What does “heavy menses” mean?
If your period is heavy enough to interrupt your life – whether it means you’re sleeping on towels, changing your tampon or pad every hour, feeling worried about traveling or exercising, or leaking through clothing – then it’s likely too heavy.
Menstruation, when a woman sheds the lining of the uterus, is also referred to as a period, menses or a cycle. Typically, women lose between two to three tablespoons of blood during one period. The formal definition of heavy menses is having a flow of more than double that – or about two shot glasses – during one cycle. But that can be difficult to measure, and different individuals are impacted in different ways.

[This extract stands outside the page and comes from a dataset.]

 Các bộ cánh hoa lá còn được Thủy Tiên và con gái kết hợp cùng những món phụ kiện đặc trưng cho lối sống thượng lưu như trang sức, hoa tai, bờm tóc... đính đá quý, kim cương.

“What bothers you may not bother someone else,” LeBleu Vaszily said. “Even if you feel a slight hindrance or annoyance, talk to your doctor. It may be something as simple as a polyp that can be removed, and then hopefully you wouldn’t need further treatment.”
When can heavy menses first strike?
Heavy menses are more likely to begin when women are in their mid-30s and older. “At that point, we’re looking at one in every four or five women being impacted by it,” LeBleu Vaszily states.
When girls start their periods, they may experience heavy cycles for several months at first. Usually that resolves with time, but sometimes, heavy periods at younger ages can signal an issue such as a bleeding disorder.
Any time your periods change significantly or interrupt your regular life, LeBleu Vaszily recommends talking with your health provider.
“Your period can be the first sign that something else is going on. Changes can suggest hormonal or structural problems,” LeBleu Vaszily said. “I always recommend women talk to their health providers at their annual exams and share, ‘Here’s what my periods are doing – is this normal?’”
Since heavy menses may be caused by various issues, LeBleu Vaszily likes to complete a full history, physical exam, bloodwork and sometimes an ultrasound of the uterus when examining a patient.
Different treatments are available depending on the cause. For instance, birth control pills can help address a hormonal issue, while removing a polyp or fibroid can help if the issue is structural.
Endometrial ablation, an outpatient procedure that cauterizes the lining of the uterus to stop or lessen periods, may also help. Often, dietary and lifestyle changes may also make an impact.
A more aggressive option is a hysterectomy, in which the uterus is surgically removed, but in many cases, more conservative treatment may work.
“Having heavy periods doesn’t mean you have to be on hormones or get a hysterectomy,” LeBleu Vaszily said. “Sometimes that is ultimately what is needed if you want relief from symptoms, but there are more conservative options we can try in the beginning. Frequently, there’s something simple that can help.”
Keep in mind that treatments are always changing. For instance, various types of birth control pills are now available with different strengths and formulations. There are also hormonal IUDs, as well a medication taken only at certain times of the cycle.
Sometimes, women don’t realize just how much their period impacts them until they’ve received treatment.
“After I had an endometrial ablation, I wished I had done it five years earlier,” LeBleu Vaszily said. “I hadn’t realized how much my own cycles affected my life.”